US Congress Releases Secret '28 Pages' on Alleged Saudi 9/11 Ties
TEHRAN (Tasnim) - A long-classified US report released Friday found that some of the 9/11 hijackers were in contact with and received support from individuals likely connected to the Saudi government.
Known as the "28 pages," the secret document was part of a 2002 Congressional Joint Inquiry into the Sept. 11 attacks and has been classified since the report's completion, despite repeated calls for its release.
The document, which the US administration finally delivered to Congress earlier Friday, actually contains 29 pages of material, plus a letter from then-CIA Director George Tenet.
"While in the United States, some of the September 11 hijackers were in contact with, and received support or assistance from, individuals who may be connected to the Saudi Government," the document says.
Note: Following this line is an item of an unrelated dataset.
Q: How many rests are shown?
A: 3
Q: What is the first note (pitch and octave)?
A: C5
The pages also say that the inquiry obtained information "indicating that Saudi Government officials in the United States may have other ties to al-Qaeda and other terrorist groups," but the commission that authored the document acknowledged that much of the info "remains speculative and yet to be independently verified."
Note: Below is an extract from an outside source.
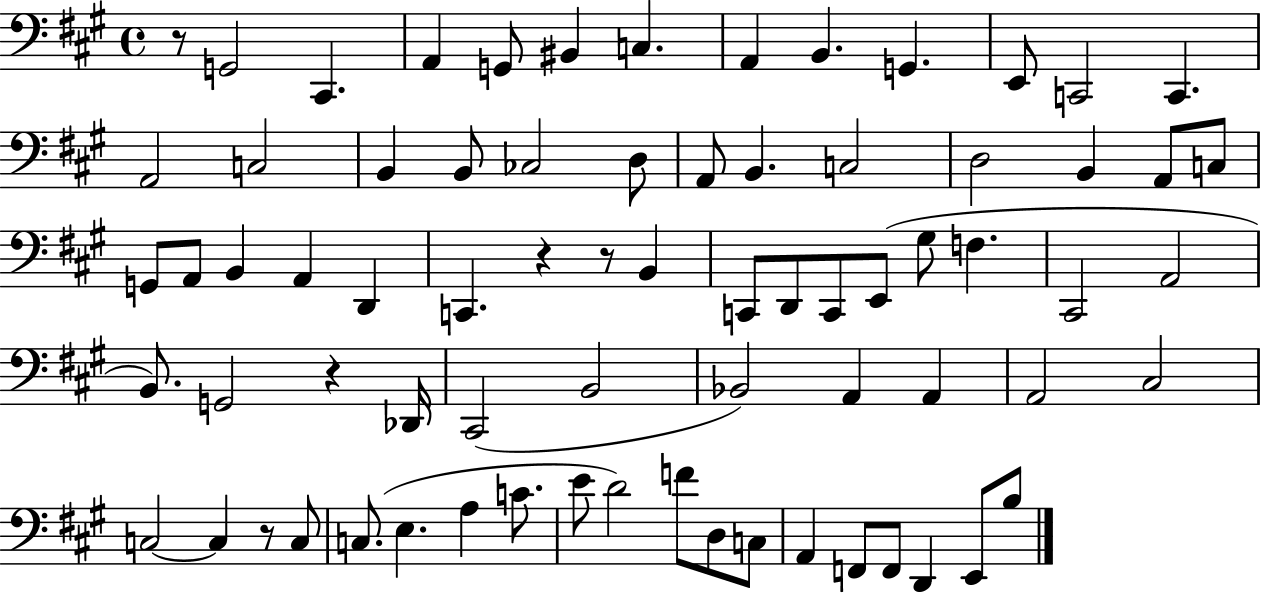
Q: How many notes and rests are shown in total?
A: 73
Saudi Ambassador to the United States Abdullah Al-Saud put out a statement after the document's release Friday welcoming its publication, though he didn't address the details it contains.
"Several government agencies, including the CIA and the FBI, have investigated the contents of the '28 Pages' and have confirmed that neither the Saudi government, nor senior Saudi officials, nor any person acting on behalf of the Saudi government provided any support or encouragement for these attacks," he said. "We hope the release of these pages will clear up, once and for all, any lingering questions or suspicions about Saudi Arabia's actions, intentions, or long-term friendship with the United States."
"It should be clear that this Joint Inquiry has made no final determinations as to the reliability or sufficiency of the information," the report says.
On the one hand, the report notes, it is possible that these kinds of connections could suggest "incontrovertible evidence that there is support for these terrorists within the Saudi Government. On the other hand, it is also possible that further investigation of these allegations could reveal legitimate, and innocent, explanations for these associations."
The report also criticizes the lack of effective intelligence-sharing in the US government, highlighting an episode where a CIA memorandum "which discusses alleged financial connections between the September 11 hijackers, Saudi Government officials, and members of the Saudi Royal Family" was placed into an FBI case file and never forwarded to FBI headquarters until the memo was discovered by the inquiry.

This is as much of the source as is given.